Disparitions de pêcheurs nigérians après des frappes au lac Tchad
Lac Tchad : des pêcheurs nigérians portés disparus après des frappes aériennes du Tchad
Depuis vendredi, l’armée tchadienne mène des frappes aériennes ciblées contre plusieurs îlots situés dans la partie nigériane du lac Tchad, identifiés comme des positions stratégiques de Boko Haram. Ces opérations surviennent après une attaque récente du groupe armé contre des bases militaires tchadiennes.
Selon des témoignages recueillis par l’AFP, des dizaines de pêcheurs nigérians seraient portés disparus depuis trois jours. Un porte-parole d’un groupe d’autodéfense antidjihadiste a révélé que l’opération militaire est toujours en cours, rendant difficile une estimation précise du nombre de victimes.

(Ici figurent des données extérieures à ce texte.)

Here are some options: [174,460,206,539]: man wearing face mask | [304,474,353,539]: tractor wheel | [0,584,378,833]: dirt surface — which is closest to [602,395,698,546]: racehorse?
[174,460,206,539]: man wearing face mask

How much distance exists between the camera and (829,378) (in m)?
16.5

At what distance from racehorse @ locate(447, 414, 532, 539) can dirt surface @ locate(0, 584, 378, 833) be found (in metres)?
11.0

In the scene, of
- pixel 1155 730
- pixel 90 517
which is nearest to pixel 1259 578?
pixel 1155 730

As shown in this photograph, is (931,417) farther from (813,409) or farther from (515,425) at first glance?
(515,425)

Des frappes ayant visé des zones de pêche sous contrôle de Boko Haram
Les bombardements tchadiens ont principalement ciblé l’île de Shuwa, un bastion djihadiste situé à la jonction des frontières du Nigeria, du Niger et du Tchad. Cette zone, riche en ressources halieutiques, attire de nombreux pêcheurs nigérians qui y accèdent en payant un impôt à Boko Haram.

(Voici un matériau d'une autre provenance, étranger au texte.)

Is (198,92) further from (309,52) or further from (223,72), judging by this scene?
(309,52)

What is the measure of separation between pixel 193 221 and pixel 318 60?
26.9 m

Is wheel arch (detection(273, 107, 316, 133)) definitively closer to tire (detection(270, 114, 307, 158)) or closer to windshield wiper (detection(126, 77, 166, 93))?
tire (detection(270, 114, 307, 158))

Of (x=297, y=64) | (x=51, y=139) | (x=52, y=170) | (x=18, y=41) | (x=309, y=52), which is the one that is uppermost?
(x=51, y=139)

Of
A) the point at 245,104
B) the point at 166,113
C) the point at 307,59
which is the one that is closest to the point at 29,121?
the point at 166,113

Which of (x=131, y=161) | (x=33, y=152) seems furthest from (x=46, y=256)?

Un responsable du syndicat des pêcheurs du lac Tchad a confirmé que « 40 pêcheurs nigérians sont portés disparus et probablement morts noyés » après les frappes. Les survivants évoquent des pertes massives, notamment parmi les habitants des villes nigérianes de Doron Baga et de l’État de Taraba. « Ce n’est un secret pour personne : les pêcheurs paient un tribut à Boko Haram pour exploiter ces îles », a témoigné Adamu Haladu, un pêcheur originaire de Baga.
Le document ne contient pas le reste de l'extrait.